Mr. Kispert’s duties as Independent Chairman include:

  · chairing executive sessions of the independent directors;
     
  · ensuring that independent directors have adequate opportunities to meet without management present;
     
  · serving as designated contact for communication to independent directors, including being available for consultation and direct communication with major stockholders;
     
  · ensuring that the independent directors have an opportunity to provide input on the agenda for meetings of our Board;
     
  · assuring that there is sufficient time for discussion of all agenda items; and
     
  · being identified as the recipient of communications with stockholders in the annual meeting proxy statement.

Our Board appoints our President and Chief Executive Officer, Chief Financial Officer, Secretary and all executive officers. All executive officers serve at the discretion of our Board. Each of our officers devotes his or her full time to our affairs. Our directors devote time to our affairs as is necessary to discharge their duties. In addition, our Board has the authority to retain its own advisers to assist it in the discharge of its duties. There are no family relationships among any of our directors, officers or key employees.

Board’s Role in Risk Oversight

Our Board has an active role, as a whole and also at the committee level, in overseeing management of the risks we face. This role is one of informed oversight rather than direct management of risk. Our Board regularly reviews and consults with management on strategic direction, challenges and risks we face. Our Board also reviews and discusses with management quarterly financial results and forecasts. The Audit Committee of our Board oversees management of financial risks, and its charter tasks the committee to provide oversight of and review at least annually our risk management policies, including its investment policies and anti-fraud program. The Compensation Committee of our Board is responsible for overseeing the management of risks relating to and arising from our executive compensation plans and arrangements. These committees provide regular reports, generally on a quarterly basis, to the full Board.
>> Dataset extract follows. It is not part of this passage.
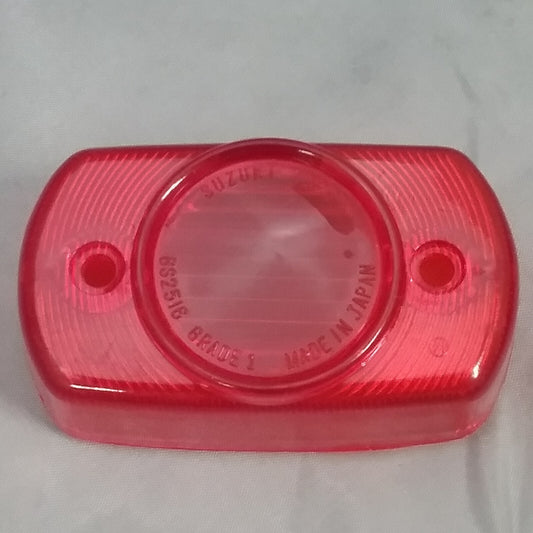 NEW SUZUKI 35712-41410 LENS, REAR COMBINATION LAMP 1977-81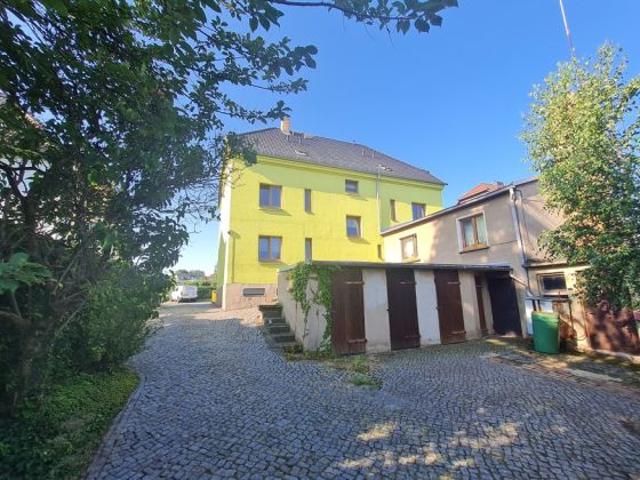 ESDI+ Voll vermietetes Mehrfamilienhaus in Kamenz saniert und großzügiges Grundstück!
Management is tasked with the direct management and oversight of legal, financial, and commercial compliance matters, which includes identification and mitigation of associated areas of risk. Our General Counsel provides regular reports of legal risks to the Audit Committee and our Board. Our Chief Financial Officer and the Corporate Controller provide regular reports to the Audit Committee concerning financial, tax and audit related risks. In addition, the Audit Committee receives periodic reports from management on our compliance programs and efforts, investment policy and practices and the results of various internal audit projects. Management and the Compensation Committee’s compensation consultant provide analysis of risks related to our compensation programs and practices to the Compensation Committee.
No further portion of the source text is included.